Problem requirements: With both ends included, repeat exactly the lines of the entries below from the one containing "Trek Across America" down to the one containing "Taya Childrenand#39;s Frog", and no others.

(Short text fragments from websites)
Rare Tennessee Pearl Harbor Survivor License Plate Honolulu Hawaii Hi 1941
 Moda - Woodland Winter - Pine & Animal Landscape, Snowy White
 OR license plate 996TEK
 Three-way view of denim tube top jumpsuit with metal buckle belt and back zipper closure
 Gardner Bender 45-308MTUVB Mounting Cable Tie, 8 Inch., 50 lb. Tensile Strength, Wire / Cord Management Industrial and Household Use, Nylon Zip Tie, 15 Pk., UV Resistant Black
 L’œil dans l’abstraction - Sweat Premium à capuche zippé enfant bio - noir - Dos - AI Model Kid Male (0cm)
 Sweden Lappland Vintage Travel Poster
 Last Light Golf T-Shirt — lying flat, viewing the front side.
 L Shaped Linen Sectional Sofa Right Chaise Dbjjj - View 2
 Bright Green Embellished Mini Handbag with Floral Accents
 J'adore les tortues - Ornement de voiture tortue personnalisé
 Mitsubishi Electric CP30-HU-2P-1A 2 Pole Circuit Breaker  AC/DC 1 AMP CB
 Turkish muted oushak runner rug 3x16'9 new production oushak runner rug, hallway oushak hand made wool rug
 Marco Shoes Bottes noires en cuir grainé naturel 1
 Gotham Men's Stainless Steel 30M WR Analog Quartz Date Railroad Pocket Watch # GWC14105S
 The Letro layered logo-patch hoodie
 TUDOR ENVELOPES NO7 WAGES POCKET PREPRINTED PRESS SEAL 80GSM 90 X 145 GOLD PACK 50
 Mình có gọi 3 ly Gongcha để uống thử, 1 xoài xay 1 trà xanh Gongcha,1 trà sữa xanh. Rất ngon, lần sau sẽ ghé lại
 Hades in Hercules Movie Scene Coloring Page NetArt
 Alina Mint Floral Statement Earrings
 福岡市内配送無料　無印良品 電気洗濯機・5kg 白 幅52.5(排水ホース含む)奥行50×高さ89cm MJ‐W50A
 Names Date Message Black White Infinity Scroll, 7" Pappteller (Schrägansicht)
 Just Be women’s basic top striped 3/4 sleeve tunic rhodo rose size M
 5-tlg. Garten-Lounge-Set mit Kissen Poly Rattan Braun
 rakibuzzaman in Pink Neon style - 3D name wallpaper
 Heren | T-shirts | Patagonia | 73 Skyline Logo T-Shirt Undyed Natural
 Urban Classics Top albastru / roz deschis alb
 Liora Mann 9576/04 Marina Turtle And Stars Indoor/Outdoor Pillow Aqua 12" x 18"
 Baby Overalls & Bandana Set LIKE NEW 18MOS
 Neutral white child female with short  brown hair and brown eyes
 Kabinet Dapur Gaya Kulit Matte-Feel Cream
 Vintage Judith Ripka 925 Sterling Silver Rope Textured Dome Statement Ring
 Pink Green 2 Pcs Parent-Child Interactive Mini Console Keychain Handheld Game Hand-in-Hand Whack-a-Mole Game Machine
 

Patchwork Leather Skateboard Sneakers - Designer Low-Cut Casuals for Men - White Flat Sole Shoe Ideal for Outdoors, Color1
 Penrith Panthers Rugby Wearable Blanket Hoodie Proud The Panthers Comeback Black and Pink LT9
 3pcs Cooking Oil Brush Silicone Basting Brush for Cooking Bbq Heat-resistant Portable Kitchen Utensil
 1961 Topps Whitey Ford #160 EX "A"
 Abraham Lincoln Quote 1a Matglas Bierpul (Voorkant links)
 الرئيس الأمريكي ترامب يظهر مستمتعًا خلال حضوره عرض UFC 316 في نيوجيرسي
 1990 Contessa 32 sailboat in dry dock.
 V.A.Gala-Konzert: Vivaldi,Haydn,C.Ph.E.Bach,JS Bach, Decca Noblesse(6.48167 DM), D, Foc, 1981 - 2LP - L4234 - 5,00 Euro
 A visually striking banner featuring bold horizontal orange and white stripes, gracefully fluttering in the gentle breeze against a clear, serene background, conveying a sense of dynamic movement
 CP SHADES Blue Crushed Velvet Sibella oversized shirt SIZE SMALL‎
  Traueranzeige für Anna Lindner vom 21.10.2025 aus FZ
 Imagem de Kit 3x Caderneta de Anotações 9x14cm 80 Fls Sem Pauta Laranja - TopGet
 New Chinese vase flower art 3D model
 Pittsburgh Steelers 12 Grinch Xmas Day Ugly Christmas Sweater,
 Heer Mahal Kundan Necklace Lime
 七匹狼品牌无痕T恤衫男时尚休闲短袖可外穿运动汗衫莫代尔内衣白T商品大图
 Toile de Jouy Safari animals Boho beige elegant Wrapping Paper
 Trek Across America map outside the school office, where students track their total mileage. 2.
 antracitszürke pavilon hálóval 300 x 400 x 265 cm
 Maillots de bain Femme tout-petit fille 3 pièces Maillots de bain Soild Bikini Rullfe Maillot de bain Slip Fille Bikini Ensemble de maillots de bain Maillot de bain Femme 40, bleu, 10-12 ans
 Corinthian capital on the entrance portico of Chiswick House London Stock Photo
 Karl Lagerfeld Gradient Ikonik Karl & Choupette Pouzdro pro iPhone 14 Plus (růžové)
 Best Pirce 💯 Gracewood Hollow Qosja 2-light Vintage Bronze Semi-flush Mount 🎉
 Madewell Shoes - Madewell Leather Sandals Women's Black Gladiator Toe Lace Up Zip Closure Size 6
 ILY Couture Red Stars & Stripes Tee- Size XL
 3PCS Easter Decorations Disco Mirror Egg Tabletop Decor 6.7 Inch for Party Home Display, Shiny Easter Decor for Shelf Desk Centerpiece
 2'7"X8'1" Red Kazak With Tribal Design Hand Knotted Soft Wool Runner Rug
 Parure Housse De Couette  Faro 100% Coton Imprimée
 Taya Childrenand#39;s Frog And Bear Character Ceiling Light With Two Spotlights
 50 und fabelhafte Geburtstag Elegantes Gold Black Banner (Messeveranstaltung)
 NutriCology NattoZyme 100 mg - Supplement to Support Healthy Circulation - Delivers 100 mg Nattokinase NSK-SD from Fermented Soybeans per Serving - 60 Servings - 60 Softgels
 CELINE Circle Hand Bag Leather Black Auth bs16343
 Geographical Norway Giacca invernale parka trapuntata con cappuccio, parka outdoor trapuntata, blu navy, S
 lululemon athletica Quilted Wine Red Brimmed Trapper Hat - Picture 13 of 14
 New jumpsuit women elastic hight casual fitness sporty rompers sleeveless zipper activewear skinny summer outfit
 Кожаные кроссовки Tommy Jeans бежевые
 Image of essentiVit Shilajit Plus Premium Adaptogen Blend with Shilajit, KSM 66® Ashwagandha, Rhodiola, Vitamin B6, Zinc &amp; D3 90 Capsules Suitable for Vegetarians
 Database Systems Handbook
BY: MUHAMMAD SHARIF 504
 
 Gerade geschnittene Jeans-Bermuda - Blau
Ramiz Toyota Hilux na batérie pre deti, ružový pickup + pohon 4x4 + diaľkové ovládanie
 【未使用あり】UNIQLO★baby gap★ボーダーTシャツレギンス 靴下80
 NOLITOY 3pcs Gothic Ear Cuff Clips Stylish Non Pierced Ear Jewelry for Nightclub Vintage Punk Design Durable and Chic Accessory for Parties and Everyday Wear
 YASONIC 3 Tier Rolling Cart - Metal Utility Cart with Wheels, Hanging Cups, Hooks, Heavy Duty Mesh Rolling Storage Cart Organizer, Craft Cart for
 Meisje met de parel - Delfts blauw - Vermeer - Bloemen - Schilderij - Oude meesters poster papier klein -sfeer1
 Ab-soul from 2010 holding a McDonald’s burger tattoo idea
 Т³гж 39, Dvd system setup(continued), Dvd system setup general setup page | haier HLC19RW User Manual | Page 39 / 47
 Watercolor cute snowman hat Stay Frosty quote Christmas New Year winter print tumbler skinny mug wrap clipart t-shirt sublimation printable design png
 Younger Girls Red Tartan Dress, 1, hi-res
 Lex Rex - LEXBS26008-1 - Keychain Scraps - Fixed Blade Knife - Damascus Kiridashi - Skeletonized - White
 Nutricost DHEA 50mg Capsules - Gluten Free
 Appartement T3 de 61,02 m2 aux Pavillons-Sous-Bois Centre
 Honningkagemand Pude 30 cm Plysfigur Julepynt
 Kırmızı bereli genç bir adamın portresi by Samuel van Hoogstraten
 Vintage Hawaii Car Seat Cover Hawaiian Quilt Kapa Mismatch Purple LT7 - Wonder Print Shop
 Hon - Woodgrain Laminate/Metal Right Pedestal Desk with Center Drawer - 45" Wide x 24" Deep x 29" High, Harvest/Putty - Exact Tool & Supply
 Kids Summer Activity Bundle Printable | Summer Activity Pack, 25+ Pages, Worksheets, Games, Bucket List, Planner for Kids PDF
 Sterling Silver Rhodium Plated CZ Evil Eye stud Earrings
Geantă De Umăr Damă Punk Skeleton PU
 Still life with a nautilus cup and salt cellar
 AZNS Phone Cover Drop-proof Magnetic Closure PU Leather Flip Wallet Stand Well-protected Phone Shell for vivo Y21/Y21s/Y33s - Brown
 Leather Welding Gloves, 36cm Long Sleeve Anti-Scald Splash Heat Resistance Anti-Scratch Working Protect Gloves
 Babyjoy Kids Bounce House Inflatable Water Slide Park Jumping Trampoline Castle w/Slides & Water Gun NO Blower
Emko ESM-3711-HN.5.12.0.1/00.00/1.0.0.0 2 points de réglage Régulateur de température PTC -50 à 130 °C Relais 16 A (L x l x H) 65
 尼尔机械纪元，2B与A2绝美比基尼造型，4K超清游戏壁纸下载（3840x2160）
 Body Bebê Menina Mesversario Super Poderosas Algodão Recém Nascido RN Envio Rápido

Answer to the exercise:
 Trek Across America map outside the school office, where students track their total mileage. 2.
 antracitszürke pavilon hálóval 300 x 400 x 265 cm
 Maillots de bain Femme tout-petit fille 3 pièces Maillots de bain Soild Bikini Rullfe Maillot de bain Slip Fille Bikini Ensemble de maillots de bain Maillot de bain Femme 40, bleu, 10-12 ans
 Corinthian capital on the entrance portico of Chiswick House London Stock Photo
 Karl Lagerfeld Gradient Ikonik Karl & Choupette Pouzdro pro iPhone 14 Plus (růžové)
 Best Pirce 💯 Gracewood Hollow Qosja 2-light Vintage Bronze Semi-flush Mount 🎉
 Madewell Shoes - Madewell Leather Sandals Women's Black Gladiator Toe Lace Up Zip Closure Size 6
 ILY Couture Red Stars & Stripes Tee- Size XL
 3PCS Easter Decorations Disco Mirror Egg Tabletop Decor 6.7 Inch for Party Home Display, Shiny Easter Decor for Shelf Desk Centerpiece
 2'7"X8'1" Red Kazak With Tribal Design Hand Knotted Soft Wool Runner Rug
 Parure Housse De Couette  Faro 100% Coton Imprimée
 Taya Childrenand#39;s Frog And Bear Character Ceiling Light With Two Spotlights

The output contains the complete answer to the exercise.